The Securities and Exchange Commission today announced charges against Broward County, Florida resident Sanjay Singh and his trucking and logistics company, Royal Bengal Logistics Inc., with fraudulently raising approximately $112 million from as many as 1,500 investors through an unregistered securities offering that primarily targeted Haitian-Americans.
The SEC’s complaint alleges that, from at least 2019 through 2023, Singh, through Royal Bengal Logistics Inc., offered and sold investors high-yield investment programs that purportedly generated 12.5 to 325 percent in guaranteed returns. As alleged, Singh and Royal Bengal promised investors the company would use their money to expand operations and increase its fleet of semi-trucks and trailers. According to the SEC’s complaint, defendants assured investors that these investment programs were safe, and that Royal Bengal generated up to $1 million in revenue per month. In reality, the SEC alleges, Royal Bengal has operated at a loss and used approximately $70 million of new investor funds to make Ponzi-like payments to other investors.
As alleged in the complaint, Singh misappropriated at least $14 million of investor funds for himself and others, who did not provide any legitimate services in exchange for those investor funds. Singh also allegedly diverted more than $19 million of investor funds to two brokerage accounts he controlled, engaged in highly speculative equities trading on margin in those accounts, and, as a result, lost more than $1 million of investor money.

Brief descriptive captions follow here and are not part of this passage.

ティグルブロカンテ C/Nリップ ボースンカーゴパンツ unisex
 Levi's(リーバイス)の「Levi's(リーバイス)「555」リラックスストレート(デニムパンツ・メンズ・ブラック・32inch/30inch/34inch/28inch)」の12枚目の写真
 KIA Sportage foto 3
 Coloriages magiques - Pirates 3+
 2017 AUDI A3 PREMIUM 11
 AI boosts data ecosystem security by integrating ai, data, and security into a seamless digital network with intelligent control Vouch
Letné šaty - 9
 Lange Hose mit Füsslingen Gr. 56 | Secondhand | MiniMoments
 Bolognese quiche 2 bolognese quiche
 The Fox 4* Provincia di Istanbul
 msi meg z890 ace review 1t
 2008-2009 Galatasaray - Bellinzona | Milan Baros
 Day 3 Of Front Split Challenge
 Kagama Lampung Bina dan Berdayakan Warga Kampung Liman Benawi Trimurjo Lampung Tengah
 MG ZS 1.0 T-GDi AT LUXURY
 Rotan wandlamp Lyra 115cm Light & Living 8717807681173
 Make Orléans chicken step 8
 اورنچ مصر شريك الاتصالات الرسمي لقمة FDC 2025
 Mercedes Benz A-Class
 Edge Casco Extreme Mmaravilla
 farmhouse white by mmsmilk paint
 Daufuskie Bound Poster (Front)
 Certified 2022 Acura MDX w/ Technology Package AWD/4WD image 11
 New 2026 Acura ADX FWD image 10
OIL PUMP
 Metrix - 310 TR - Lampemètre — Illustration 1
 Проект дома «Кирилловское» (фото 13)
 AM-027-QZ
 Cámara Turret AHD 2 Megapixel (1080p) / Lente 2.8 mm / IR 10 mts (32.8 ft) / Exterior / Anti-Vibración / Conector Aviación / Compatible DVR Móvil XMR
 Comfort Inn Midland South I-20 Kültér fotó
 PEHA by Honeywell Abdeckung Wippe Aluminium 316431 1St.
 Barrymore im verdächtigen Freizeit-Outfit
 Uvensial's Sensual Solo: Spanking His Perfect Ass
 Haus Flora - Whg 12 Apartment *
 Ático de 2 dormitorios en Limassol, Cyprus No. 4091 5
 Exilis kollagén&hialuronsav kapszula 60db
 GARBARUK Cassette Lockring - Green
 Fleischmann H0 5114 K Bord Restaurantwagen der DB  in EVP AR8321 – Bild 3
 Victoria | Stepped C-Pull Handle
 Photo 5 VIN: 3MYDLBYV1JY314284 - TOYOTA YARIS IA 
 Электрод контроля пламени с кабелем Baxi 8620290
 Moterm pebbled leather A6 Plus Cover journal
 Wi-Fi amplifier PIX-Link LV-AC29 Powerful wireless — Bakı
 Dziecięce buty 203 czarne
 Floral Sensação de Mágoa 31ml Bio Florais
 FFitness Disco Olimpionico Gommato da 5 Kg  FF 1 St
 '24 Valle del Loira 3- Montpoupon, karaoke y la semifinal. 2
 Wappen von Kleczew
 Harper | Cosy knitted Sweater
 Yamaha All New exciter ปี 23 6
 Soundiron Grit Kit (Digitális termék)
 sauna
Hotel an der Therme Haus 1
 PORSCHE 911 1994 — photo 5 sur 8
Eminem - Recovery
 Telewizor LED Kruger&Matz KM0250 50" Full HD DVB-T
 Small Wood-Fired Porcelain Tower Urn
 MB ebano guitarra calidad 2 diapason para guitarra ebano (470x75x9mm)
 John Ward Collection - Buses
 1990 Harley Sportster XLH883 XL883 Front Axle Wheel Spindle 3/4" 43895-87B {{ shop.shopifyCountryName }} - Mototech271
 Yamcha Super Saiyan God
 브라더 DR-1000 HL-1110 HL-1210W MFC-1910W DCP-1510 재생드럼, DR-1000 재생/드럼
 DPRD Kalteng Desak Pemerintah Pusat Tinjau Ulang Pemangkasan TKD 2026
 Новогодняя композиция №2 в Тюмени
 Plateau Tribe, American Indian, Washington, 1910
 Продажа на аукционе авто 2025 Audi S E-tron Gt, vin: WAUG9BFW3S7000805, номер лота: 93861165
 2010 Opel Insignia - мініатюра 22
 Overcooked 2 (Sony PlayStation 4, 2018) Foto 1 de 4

“As alleged in our complaint, Singh targeted many members of the Haitian-American community to raise money in a Ponzi-like scheme to enrich himself,” said Eric I. Bustillo, Director of the SEC’s Miami Regional Office. “We are committed to holding accountable individuals like Singh who prey on investors through lies and deceit.”
The SEC’s complaint, filed in U.S. District Court for the Southern District of Florida, charges Singh and Royal Bengal with violating the registration and anti-fraud provisions of the federal securities laws. The complaint also names Sheetal Singh, the spouse of Sanjay Singh, and Constantina Celicourt, the spouse of Royal Bengal Logistics’s Vice President of Business Development, as relief defendants. The District Court granted the SEC’s request for emergency relief, including preliminary injunctive relief, asset freezes, the appointment of a Receiver, and an order prohibiting the destruction of documents. The SEC is also seeking an officer and director bar against Singh and permanent injunctions, civil money penalties, and disgorgement of ill-gotten gains with prejudgment interest against both of the defendants and the relief defendants.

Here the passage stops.